> [Given information]
* * *

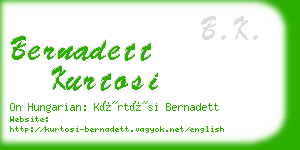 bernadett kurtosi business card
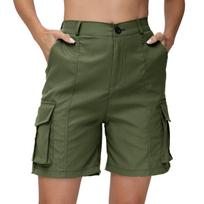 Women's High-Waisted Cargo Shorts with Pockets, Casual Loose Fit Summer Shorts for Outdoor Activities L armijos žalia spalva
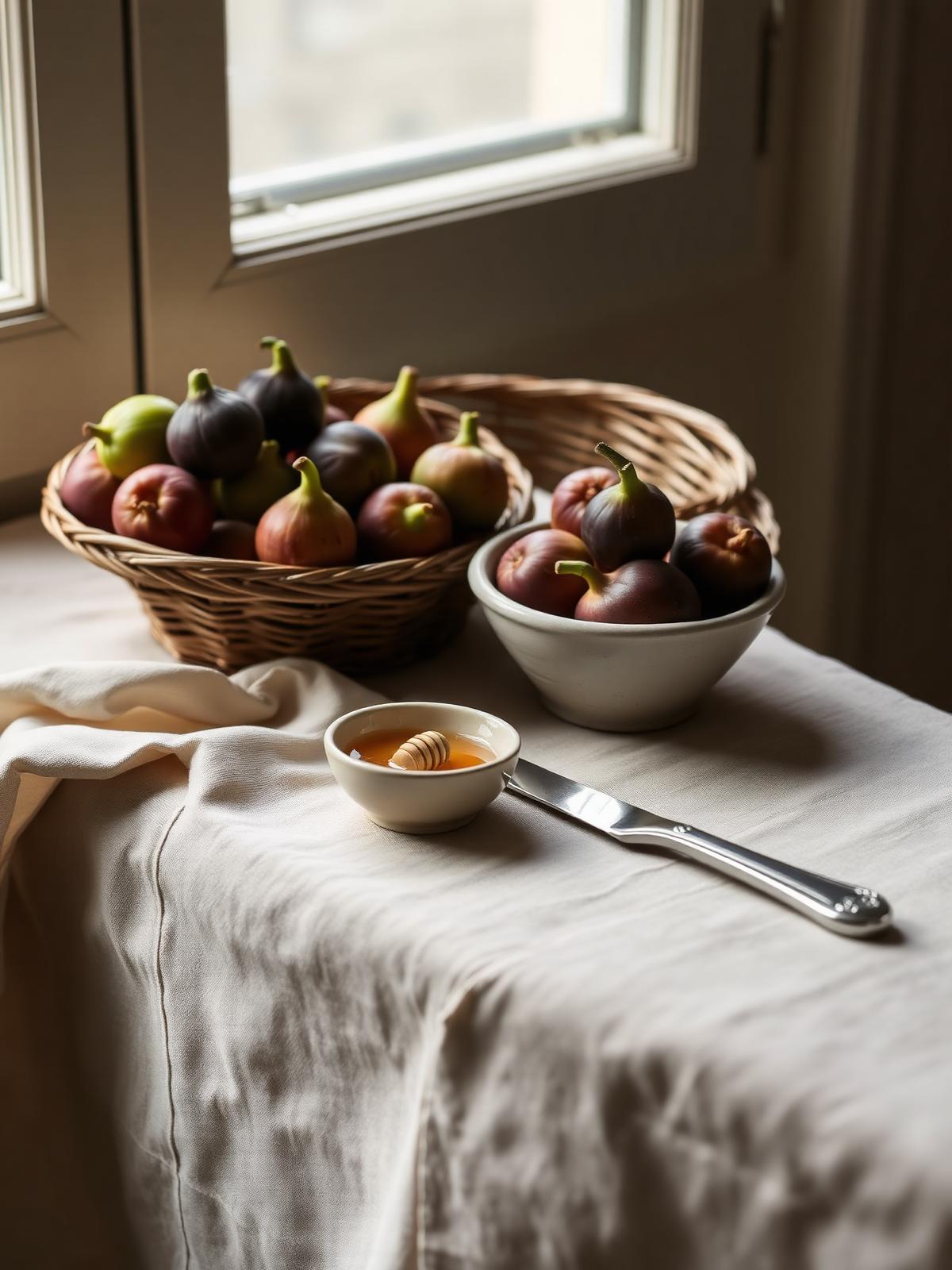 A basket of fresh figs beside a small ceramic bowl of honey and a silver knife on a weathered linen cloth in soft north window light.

* * *

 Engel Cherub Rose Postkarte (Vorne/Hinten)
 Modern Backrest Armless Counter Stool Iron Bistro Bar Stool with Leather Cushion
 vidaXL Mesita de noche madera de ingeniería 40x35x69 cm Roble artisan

* * *

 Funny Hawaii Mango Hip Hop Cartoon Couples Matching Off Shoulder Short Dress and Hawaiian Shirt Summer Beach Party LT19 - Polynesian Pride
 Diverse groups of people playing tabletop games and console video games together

* * *

> [Work order]
Only one part of the material above is wanted: the lines from the one with "bernadett kurtosi business card" up to and including the one with "A basket of". Please copy them exactly, pictures left out.

> [Solution below]
 bernadett kurtosi business card
 Women's High-Waisted Cargo Shorts with Pockets, Casual Loose Fit Summer Shorts for Outdoor Activities L armijos žalia spalva
 A basket of fresh figs beside a small ceramic bowl of honey and a silver knife on a weathered linen cloth in soft north window light.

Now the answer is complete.